Start of Data block
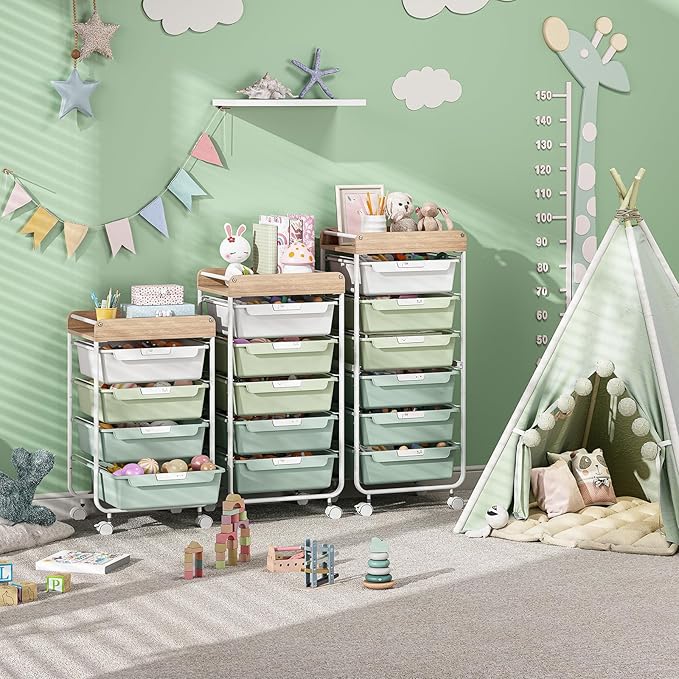 SYKIARIOL Rolling Storage Utility Cart with 5 Drawers,Craft Cart with Wheels,Makeup Organizer,Art Supply and Storage Wooden Tabletop,Green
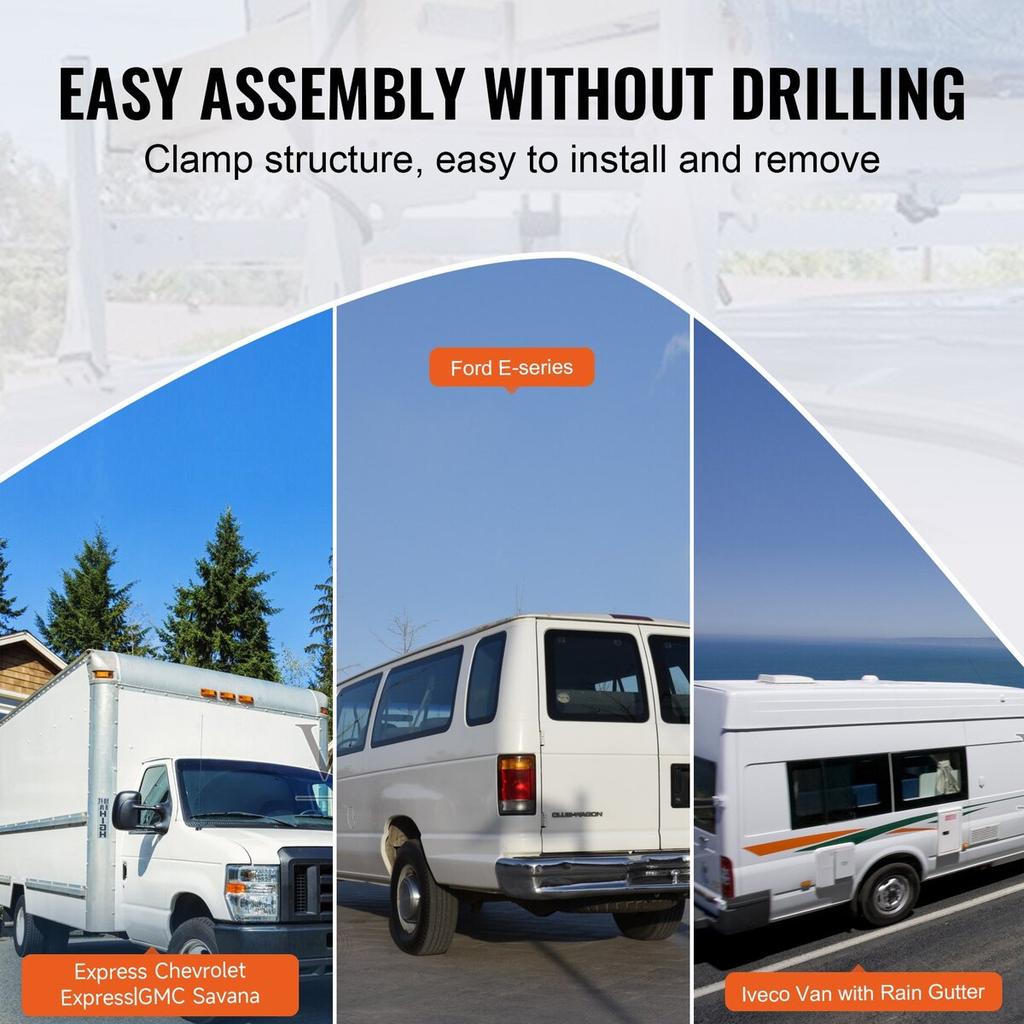 Van Roof Ladder Rack, 2 Bar Alloy Steel Ladder Racks, Adjustable from 1200-2000 mm, 227 kg Capacity, Roof Rack Compatible with Full-size Vans with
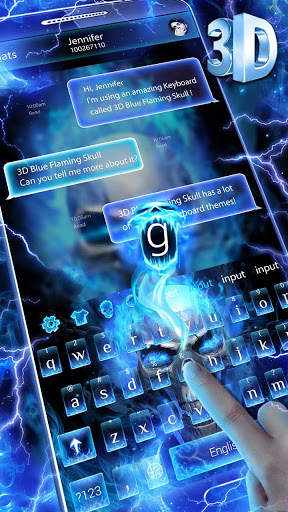 Horrible 3D Blue Flaming Skull Keyboard screenshot 3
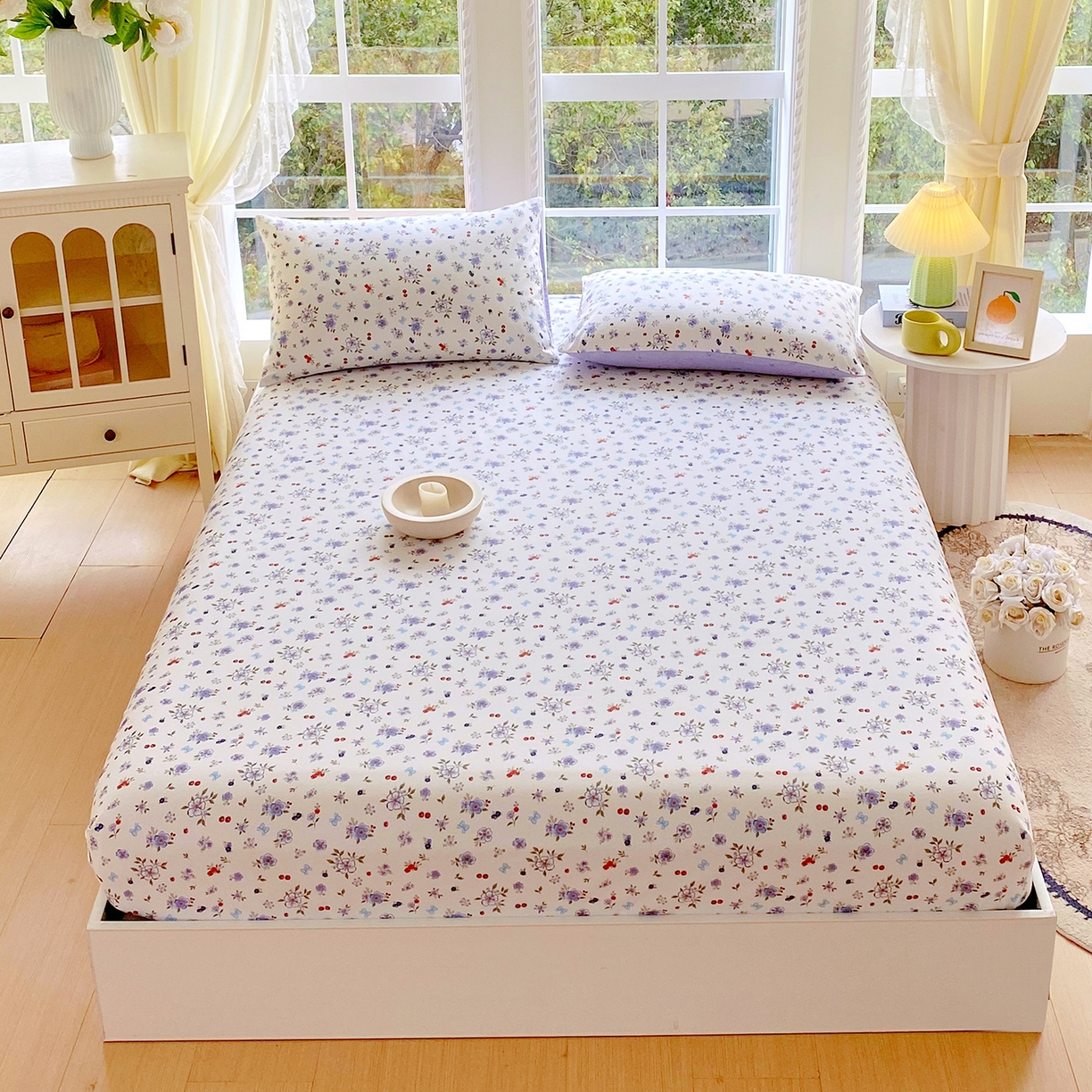 91家纺网 家纺一手货源 找家纺 小懒猪 2026新款全棉印花床笠 雾蓝花簇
End of Data block
**Task details:**
Exactly repeat only the lines from the one with "Van Roof Ladder" to the closing line above, both included, and omit every picture.

**Answer space:**
 Van Roof Ladder Rack, 2 Bar Alloy Steel Ladder Racks, Adjustable from 1200-2000 mm, 227 kg Capacity, Roof Rack Compatible with Full-size Vans with
 Horrible 3D Blue Flaming Skull Keyboard screenshot 3
 91家纺网 家纺一手货源 找家纺 小懒猪 2026新款全棉印花床笠 雾蓝花簇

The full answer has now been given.